Coupled with the proximity-plus principle is the overarching role of circumstantial evidence and its rightful, but understandably cautious, acceptance by the factfinder. As the Virginia Court of Appeals has put it, circumstantial evidence is:
sufficient to prove guilt beyond a reasonable doubt so long as “all necessary circumstances proved ... [are] consistent with guilt and inconsistent with innocence and must exclude eveiy reasonable hypothesis of innocence.” The Commonwealth “need not affirmatively disprove all theories which might negate the conclusion that the defendant... [possessed the drugs], but the conviction will be sustained if the evidence excludes every reasonable hypothesis of innocence.”

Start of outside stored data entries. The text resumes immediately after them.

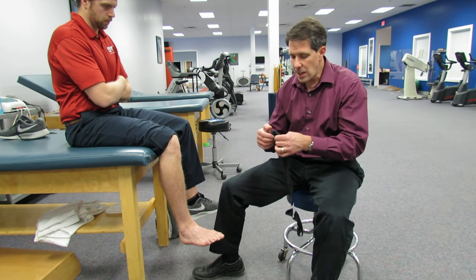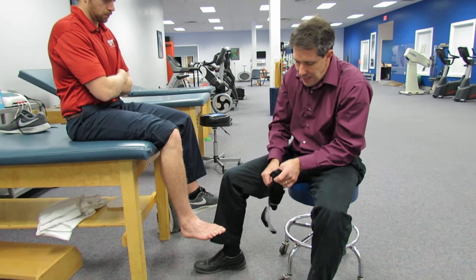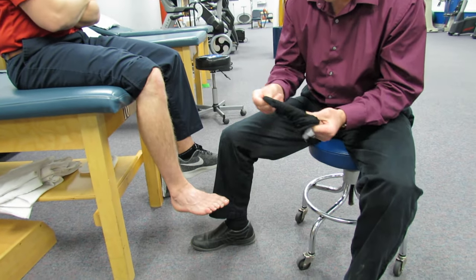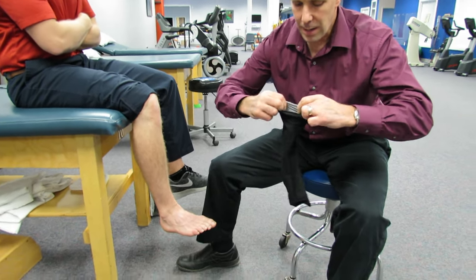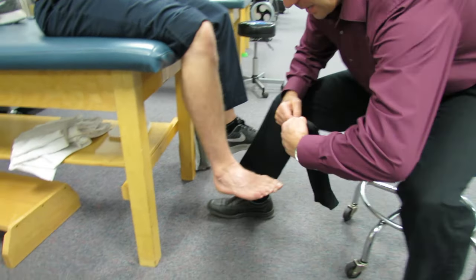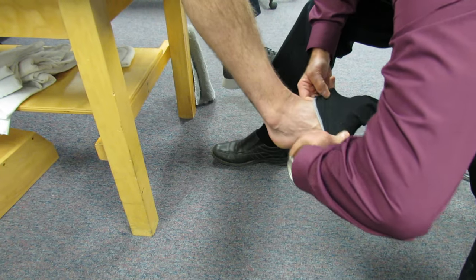So just a couple tricks. What you want to do is take the sock and turn it completely inside out, pulling it all the way through so that this area here is going to go over the top of the foot. When you slide the foot in, it is going to go right to the end, just like this.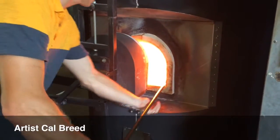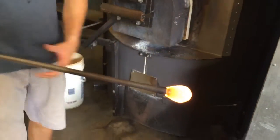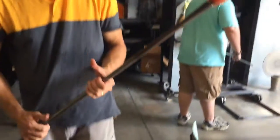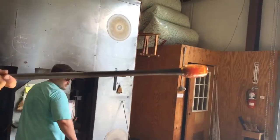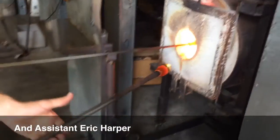You get the end of the pipe in there and turn, and you get it out like honey out of a honey jar. Then we'll put a little air in it — just watch where the bubbles come out. It's a real light, light movement.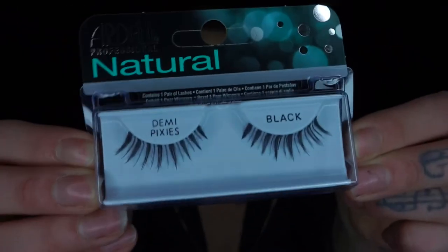Let's try the other lash. I'm going in with the Demi Pixies now — they look like this. I'm going to do the same technique on this one to see if this does anything.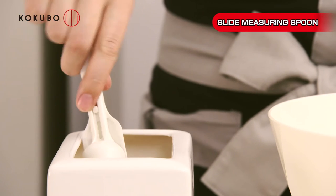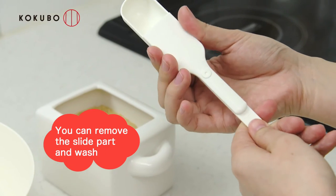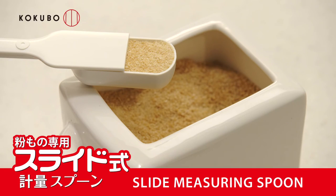You won't need to use several spoons as long as you have one slide arm measuring spoon. You can remove the slide part by setting the quantity at R and it's washable. Slide arm measuring spoon.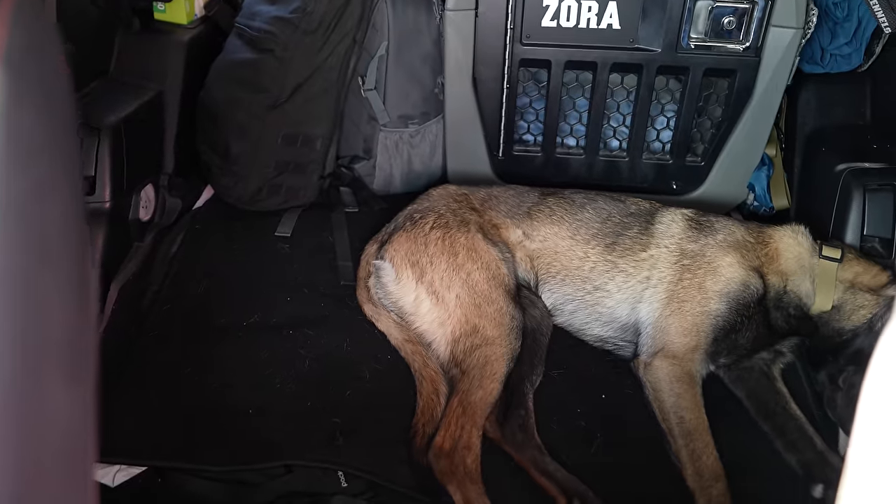If you are brand new here, I have a couple of things to tell you. Number one, I don't normally sound like this — I have a cold right now, so bear with me. And number two, my name is Grace and I travel with a nine-month-old Belgian Malinois puppy named Zora. You will probably hear me call her moose or gator most of the time, but her real name is Zora. Now that we have all that fun stuff out of the way, let's jump into the new setup.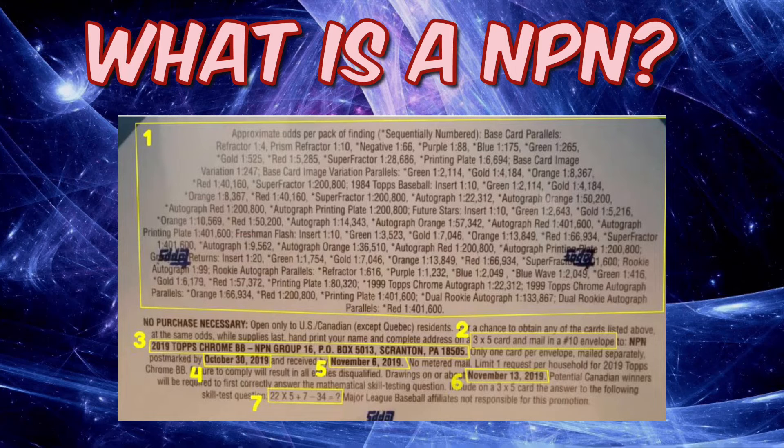Between numbers five and six, there's usually a limit of one entry per household, but sometimes they'll allow two — pay attention to that. Number six tells you when the drawing occurs, and a few weeks later you'll receive your card. Also, usually on Topps products, it'll tell you that Canadian entrants need to answer a mathematical skill testing question.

McNair v. Commonwealth, 31 Va. App. 76, 86, 521 S.E.2d 303, 308 (1999) (en banc) (citations omitted). In other words, circumstantial evidence fails “if it engenders only a suspicion or even a probability of guilt. Conviction cannot rest upon conjecture.” Haskins v. Commonwealth, 31 Va. App. 145, 151, 521 S.E.2d 777, 779 (1999) (quoting Littlejohn v. Commonwealth, 24 Va. App. 401, 414, 482 S.E.2d 853, 859 (1997), and Hyde v. Commonwealth, 217 Va. 950, 955, 234 S.E.2d 74, 78 (1977)). For a recent overview of these principles in a drug possession case, see Harrison v. Commonwealth, No. 1973-99-1 (Va. Ct. App. Aug. 8, 2000) (unpublished op. at <http:// www.courts.state.va.us/opinion/1973991.doO), rev’gNo. CR99-138 (Suffolk Cir. Ct. Aug. 24, 1999).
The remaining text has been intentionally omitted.